Source data:
::::::::::

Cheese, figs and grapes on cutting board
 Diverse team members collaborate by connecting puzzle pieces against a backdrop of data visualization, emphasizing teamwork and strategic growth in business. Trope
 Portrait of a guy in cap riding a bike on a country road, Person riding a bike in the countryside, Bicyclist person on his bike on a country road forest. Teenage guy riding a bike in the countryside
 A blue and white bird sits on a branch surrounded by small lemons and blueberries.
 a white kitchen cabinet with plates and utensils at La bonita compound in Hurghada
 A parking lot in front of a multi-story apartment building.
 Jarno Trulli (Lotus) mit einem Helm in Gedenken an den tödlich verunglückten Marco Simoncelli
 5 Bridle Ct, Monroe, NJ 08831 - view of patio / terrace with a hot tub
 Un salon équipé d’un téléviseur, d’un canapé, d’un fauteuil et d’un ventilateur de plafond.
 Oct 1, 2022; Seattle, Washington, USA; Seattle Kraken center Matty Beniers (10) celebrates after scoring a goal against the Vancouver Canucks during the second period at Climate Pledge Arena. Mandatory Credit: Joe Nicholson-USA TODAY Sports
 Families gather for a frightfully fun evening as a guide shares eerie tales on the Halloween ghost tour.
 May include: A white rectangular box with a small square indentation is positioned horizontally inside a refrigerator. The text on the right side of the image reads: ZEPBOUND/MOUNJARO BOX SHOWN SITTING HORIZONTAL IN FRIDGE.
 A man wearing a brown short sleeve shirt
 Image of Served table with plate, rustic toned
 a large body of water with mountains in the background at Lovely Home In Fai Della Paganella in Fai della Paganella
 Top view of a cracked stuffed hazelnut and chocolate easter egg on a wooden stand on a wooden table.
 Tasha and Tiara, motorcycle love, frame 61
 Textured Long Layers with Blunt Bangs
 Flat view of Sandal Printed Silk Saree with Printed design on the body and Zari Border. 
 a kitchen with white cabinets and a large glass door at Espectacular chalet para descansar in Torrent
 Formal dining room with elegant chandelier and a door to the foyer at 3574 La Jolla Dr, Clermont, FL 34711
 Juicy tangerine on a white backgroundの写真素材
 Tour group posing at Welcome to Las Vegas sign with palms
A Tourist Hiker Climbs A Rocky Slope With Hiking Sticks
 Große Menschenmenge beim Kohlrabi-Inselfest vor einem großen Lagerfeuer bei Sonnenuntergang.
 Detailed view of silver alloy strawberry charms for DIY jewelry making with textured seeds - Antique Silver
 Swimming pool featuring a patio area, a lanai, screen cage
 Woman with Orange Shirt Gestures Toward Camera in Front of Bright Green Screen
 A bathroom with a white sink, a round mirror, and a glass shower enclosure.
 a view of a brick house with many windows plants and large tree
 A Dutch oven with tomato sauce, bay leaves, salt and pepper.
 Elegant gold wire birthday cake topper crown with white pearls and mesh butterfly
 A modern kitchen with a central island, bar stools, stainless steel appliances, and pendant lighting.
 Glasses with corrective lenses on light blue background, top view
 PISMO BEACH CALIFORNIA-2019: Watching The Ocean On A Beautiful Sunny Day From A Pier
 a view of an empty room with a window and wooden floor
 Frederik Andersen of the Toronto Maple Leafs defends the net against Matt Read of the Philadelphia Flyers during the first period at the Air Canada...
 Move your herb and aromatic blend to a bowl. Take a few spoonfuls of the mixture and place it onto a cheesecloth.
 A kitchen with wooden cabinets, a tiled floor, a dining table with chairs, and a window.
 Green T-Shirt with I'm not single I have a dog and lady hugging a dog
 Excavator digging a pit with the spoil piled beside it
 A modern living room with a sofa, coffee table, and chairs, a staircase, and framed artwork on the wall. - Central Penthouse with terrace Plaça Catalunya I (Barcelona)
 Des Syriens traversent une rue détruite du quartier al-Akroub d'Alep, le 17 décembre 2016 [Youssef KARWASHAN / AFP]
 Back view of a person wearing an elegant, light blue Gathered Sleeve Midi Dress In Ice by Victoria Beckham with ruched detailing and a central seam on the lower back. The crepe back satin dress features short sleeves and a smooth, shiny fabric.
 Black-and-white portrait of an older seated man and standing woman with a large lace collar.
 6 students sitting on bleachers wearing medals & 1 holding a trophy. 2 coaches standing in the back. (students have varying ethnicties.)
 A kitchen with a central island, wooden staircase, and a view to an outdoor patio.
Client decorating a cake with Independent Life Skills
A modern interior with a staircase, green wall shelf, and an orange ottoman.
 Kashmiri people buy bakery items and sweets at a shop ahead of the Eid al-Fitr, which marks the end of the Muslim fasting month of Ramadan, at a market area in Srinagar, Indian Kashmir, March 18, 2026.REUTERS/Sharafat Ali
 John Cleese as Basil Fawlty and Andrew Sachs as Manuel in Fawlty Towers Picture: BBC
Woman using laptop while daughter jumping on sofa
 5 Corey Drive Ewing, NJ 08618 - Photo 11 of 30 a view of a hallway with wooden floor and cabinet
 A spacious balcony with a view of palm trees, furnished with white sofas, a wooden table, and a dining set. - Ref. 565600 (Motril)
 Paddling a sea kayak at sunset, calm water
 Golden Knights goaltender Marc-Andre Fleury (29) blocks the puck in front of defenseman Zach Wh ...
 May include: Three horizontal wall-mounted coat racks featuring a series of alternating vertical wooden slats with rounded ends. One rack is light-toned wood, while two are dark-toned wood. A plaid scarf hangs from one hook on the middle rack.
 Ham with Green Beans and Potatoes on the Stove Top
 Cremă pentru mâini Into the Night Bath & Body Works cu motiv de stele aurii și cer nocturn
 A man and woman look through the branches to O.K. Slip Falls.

::::::::::

Exercise aim
Output the records once more, exactly as they stand.

Response to the task
Cheese, figs and grapes on cutting board
 Diverse team members collaborate by connecting puzzle pieces against a backdrop of data visualization, emphasizing teamwork and strategic growth in business. Trope
 Portrait of a guy in cap riding a bike on a country road, Person riding a bike in the countryside, Bicyclist person on his bike on a country road forest. Teenage guy riding a bike in the countryside
 A blue and white bird sits on a branch surrounded by small lemons and blueberries.
 a white kitchen cabinet with plates and utensils at La bonita compound in Hurghada
 A parking lot in front of a multi-story apartment building.
 Jarno Trulli (Lotus) mit einem Helm in Gedenken an den tödlich verunglückten Marco Simoncelli
 5 Bridle Ct, Monroe, NJ 08831 - view of patio / terrace with a hot tub
 Un salon équipé d’un téléviseur, d’un canapé, d’un fauteuil et d’un ventilateur de plafond.
 Oct 1, 2022; Seattle, Washington, USA; Seattle Kraken center Matty Beniers (10) celebrates after scoring a goal against the Vancouver Canucks during the second period at Climate Pledge Arena. Mandatory Credit: Joe Nicholson-USA TODAY Sports
 Families gather for a frightfully fun evening as a guide shares eerie tales on the Halloween ghost tour.
 May include: A white rectangular box with a small square indentation is positioned horizontally inside a refrigerator. The text on the right side of the image reads: ZEPBOUND/MOUNJARO BOX SHOWN SITTING HORIZONTAL IN FRIDGE.
 A man wearing a brown short sleeve shirt
 Image of Served table with plate, rustic toned
 a large body of water with mountains in the background at Lovely Home In Fai Della Paganella in Fai della Paganella
 Top view of a cracked stuffed hazelnut and chocolate easter egg on a wooden stand on a wooden table.
 Tasha and Tiara, motorcycle love, frame 61
 Textured Long Layers with Blunt Bangs
 Flat view of Sandal Printed Silk Saree with Printed design on the body and Zari Border. 
 a kitchen with white cabinets and a large glass door at Espectacular chalet para descansar in Torrent
 Formal dining room with elegant chandelier and a door to the foyer at 3574 La Jolla Dr, Clermont, FL 34711
 Juicy tangerine on a white backgroundの写真素材
 Tour group posing at Welcome to Las Vegas sign with palms
A Tourist Hiker Climbs A Rocky Slope With Hiking Sticks
 Große Menschenmenge beim Kohlrabi-Inselfest vor einem großen Lagerfeuer bei Sonnenuntergang.
 Detailed view of silver alloy strawberry charms for DIY jewelry making with textured seeds - Antique Silver
 Swimming pool featuring a patio area, a lanai, screen cage
 Woman with Orange Shirt Gestures Toward Camera in Front of Bright Green Screen
 A bathroom with a white sink, a round mirror, and a glass shower enclosure.
 a view of a brick house with many windows plants and large tree
 A Dutch oven with tomato sauce, bay leaves, salt and pepper.
 Elegant gold wire birthday cake topper crown with white pearls and mesh butterfly
 A modern kitchen with a central island, bar stools, stainless steel appliances, and pendant lighting.
 Glasses with corrective lenses on light blue background, top view
 PISMO BEACH CALIFORNIA-2019: Watching The Ocean On A Beautiful Sunny Day From A Pier
 a view of an empty room with a window and wooden floor
 Frederik Andersen of the Toronto Maple Leafs defends the net against Matt Read of the Philadelphia Flyers during the first period at the Air Canada...
 Move your herb and aromatic blend to a bowl. Take a few spoonfuls of the mixture and place it onto a cheesecloth.
 A kitchen with wooden cabinets, a tiled floor, a dining table with chairs, and a window.
 Green T-Shirt with I'm not single I have a dog and lady hugging a dog
 Excavator digging a pit with the spoil piled beside it
 A modern living room with a sofa, coffee table, and chairs, a staircase, and framed artwork on the wall. - Central Penthouse with terrace Plaça Catalunya I (Barcelona)
 Des Syriens traversent une rue détruite du quartier al-Akroub d'Alep, le 17 décembre 2016 [Youssef KARWASHAN / AFP]
 Back view of a person wearing an elegant, light blue Gathered Sleeve Midi Dress In Ice by Victoria Beckham with ruched detailing and a central seam on the lower back. The crepe back satin dress features short sleeves and a smooth, shiny fabric.
 Black-and-white portrait of an older seated man and standing woman with a large lace collar.
 6 students sitting on bleachers wearing medals & 1 holding a trophy. 2 coaches standing in the back. (students have varying ethnicties.)
 A kitchen with a central island, wooden staircase, and a view to an outdoor patio.
Client decorating a cake with Independent Life Skills
A modern interior with a staircase, green wall shelf, and an orange ottoman.
 Kashmiri people buy bakery items and sweets at a shop ahead of the Eid al-Fitr, which marks the end of the Muslim fasting month of Ramadan, at a market area in Srinagar, Indian Kashmir, March 18, 2026.REUTERS/Sharafat Ali
 John Cleese as Basil Fawlty and Andrew Sachs as Manuel in Fawlty Towers Picture: BBC
Woman using laptop while daughter jumping on sofa
 5 Corey Drive Ewing, NJ 08618 - Photo 11 of 30 a view of a hallway with wooden floor and cabinet
 A spacious balcony with a view of palm trees, furnished with white sofas, a wooden table, and a dining set. - Ref. 565600 (Motril)
 Paddling a sea kayak at sunset, calm water
 Golden Knights goaltender Marc-Andre Fleury (29) blocks the puck in front of defenseman Zach Wh ...
 May include: Three horizontal wall-mounted coat racks featuring a series of alternating vertical wooden slats with rounded ends. One rack is light-toned wood, while two are dark-toned wood. A plaid scarf hangs from one hook on the middle rack.
 Ham with Green Beans and Potatoes on the Stove Top
 Cremă pentru mâini Into the Night Bath & Body Works cu motiv de stele aurii și cer nocturn
 A man and woman look through the branches to O.K. Slip Falls.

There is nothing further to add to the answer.